As time is ticking for this fellowship, I feel the need to spend as much time as possible working in my processing space for Mayme’s Papers. A couple of weeks ago, I had sorted out the materials that belonged in other series of Mayme’s collection. I came in on Sunday to get a jump on the inventory for these disparate series. Although the material types indicate a need for these items to be integrated into other areas of the collection, finding those inventories and adding these new pieces is proving to be more complicated than one might think. For example, there are five different files titled “complete” magazine inventory. The photographs need more sleeves than we have available right now. The visual art materials are scattered throughout the museum and the inventories mix Mayme’s materials with an art collection that we have on deposit. It would behoove me as well as the museum to sort out these inventories before I put “new” materials in the queue. Just in case I run out of time, I want to have a record of what I found in Mayme’s Papers and where I think it belongs within the collection. At the same time, I am performing some quality control on the container list that is being created for the boxes that represent my work with Mayme’s Papers.
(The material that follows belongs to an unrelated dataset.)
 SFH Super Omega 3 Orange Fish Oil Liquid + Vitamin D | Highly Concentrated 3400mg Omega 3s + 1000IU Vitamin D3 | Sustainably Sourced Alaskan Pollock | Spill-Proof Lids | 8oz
Early in the week, the donor of our Black LGBTQ collection, Jerome, brought in two volunteers to help with the sorting and filing of his materials. Larry had encouraged me to let other people help with the sorting but I was really afraid that they would misinterpret the categories and ruin everything. I have so many other things going on, that I was forced to take his advice and to my surprise, the sky did not fall. The group caught on quickly, and after 2.5 hours, one large full box was completely filed, with small “question” pile that I addressed without any problems. In keeping with the vein of managing projects rather than spending all of my time “in the trenches”, Cara, Larry and I decided to put together a volunteer training program, for Saturday. In our planning meeting, I was asked to talk about our finding aid formats, and how we were going to process collections from now on. My biggest challenge was trying to get my points across without using archival words and acronyms that would be unfamiliar to the audience of volunteers. For my portion of the training, I decided to “begin with the end in mind” and show them the Online Archive of California. I demonstrated how powerful of a tool that this platform could be by searching for primary documents in the entire state of California about “Black Talkies on Parade”, which has been a community staple for over 30 years, and there was only one hit. I searched for female aviators and there was nothing about Marie Coker Dickerson. These are strengths of our collection and no one knows that they are here.
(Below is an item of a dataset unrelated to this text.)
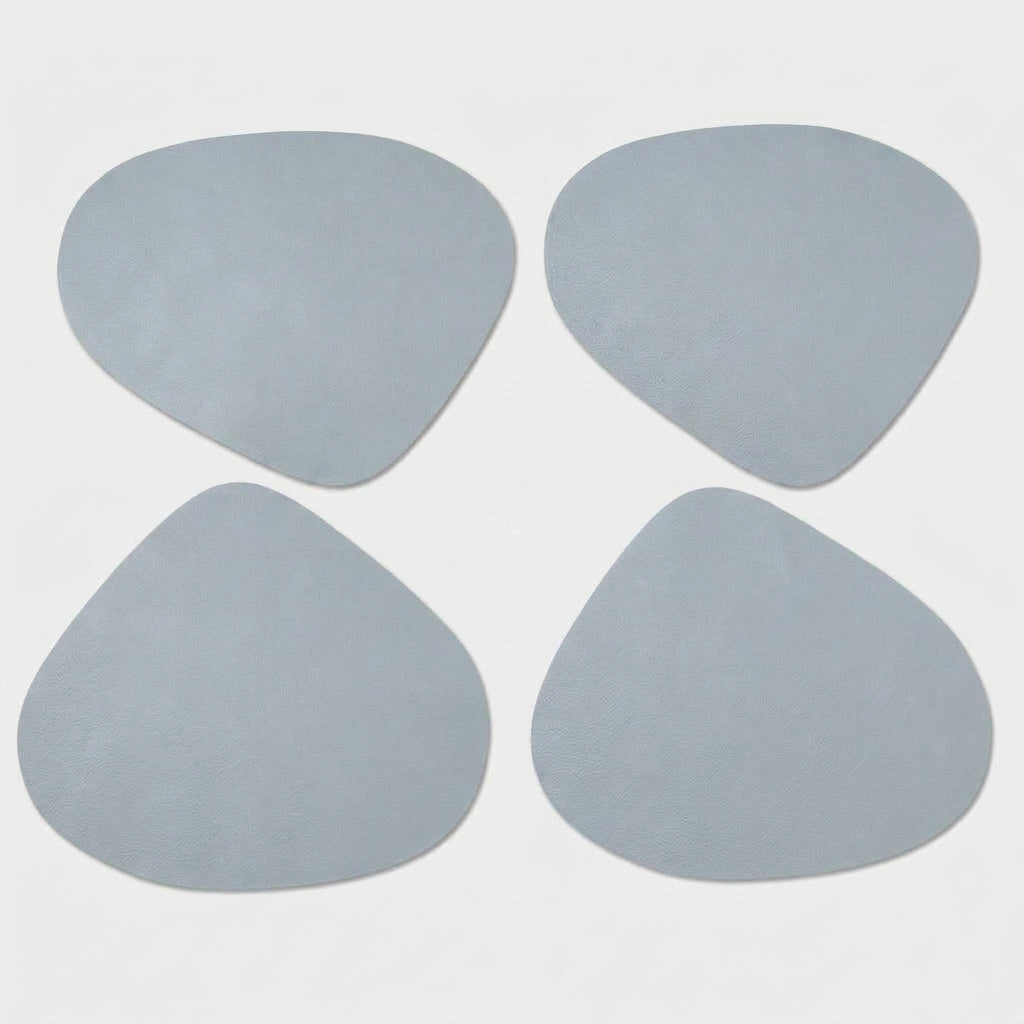 LISTINGOPT::kovosis::double-sided-anti-slip-pu-insulation-pad-table-mat-nordic-style-imitation-cowhide-pattern-water-droplet-shaped-leather-placemat::color-light-grey-blue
I explained how this service was free and easy to adopt, we just need to generate our content in a format that conforms to industry standards. I showed them our accession chart that has identified all of our collections and explained how the inventories are a great start; but only provide a portion of the necessary information about a collection. I pulled up the new Google Drive account and explained that there should only be two, sometimes three files in each collection’s folder; a finding aid, a container list, and sometimes an organizational schema. I handed out a glossary of finding aid terms and we went around the room reading them aloud while I answered questions and provided context. I used the example of a clothing collection to get them to think about how organizational schemas could be created. A pile of clothes could be separated according to color, season, utility, size, designers, etc. The only requirements were that the organization had to reflect original order, and be as objective as possible; I gave candy to anyone who came up with an idea of how to sort a clothing collection. Larry talked to a group about the best practices for giving tours within the museum. He used my biographical note on Dr. Clayton to give the volunteers a more accurate description of who she was when they were walking visitors through the “Remembering WSBREC” exhibit. He also handed out a biography on Jacob Lawrence and shared some contextual information on the Toussaint L’Overture, Hiroshima, Great Migration, and Genesis series pieces that we currently have on display.
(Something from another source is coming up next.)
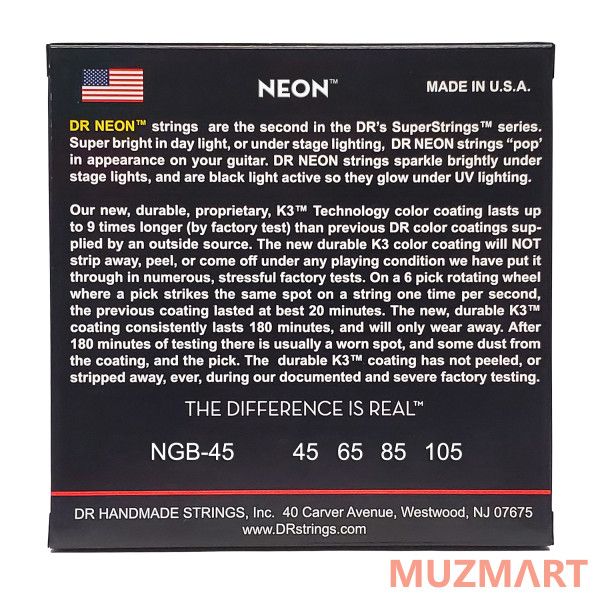 DR NGB-45 HI-DEF NEON Струны для 4-струнной бас-гитары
Lastly, Larry had me walk the volunteers through the Audio Assault exhibit in the hallway. The imagery of the Black Power Movement from the 1965 riots in Watts to the Wattstax concert at the LA Coliseum in 1972 is pretty obvious, but there were a few details that I was able to point out. I explained why Dick Gregory and James Baldwin were included. I shared what the Roses and Revolutions album was about. I also talked about how music was grouped at the end, and the details of the album artwork that represent black power themes of self-determination, pride in heritage and uplifting of community. At the end of the training, most of the volunteers commented on how well organized and informative the training session was; and how they hope that I am able to keep working with the museum after the fellowship. The entire experience was very rewarding for me, because I have worked very hard to show the staff, our volunteers and any visitors that making MCLM a major resource for researchers is not beyond our reach. Dr. Clayton did most of the work for us, we just have to keep working in a consistent and strategic manner and let the technology buoy us to the next level.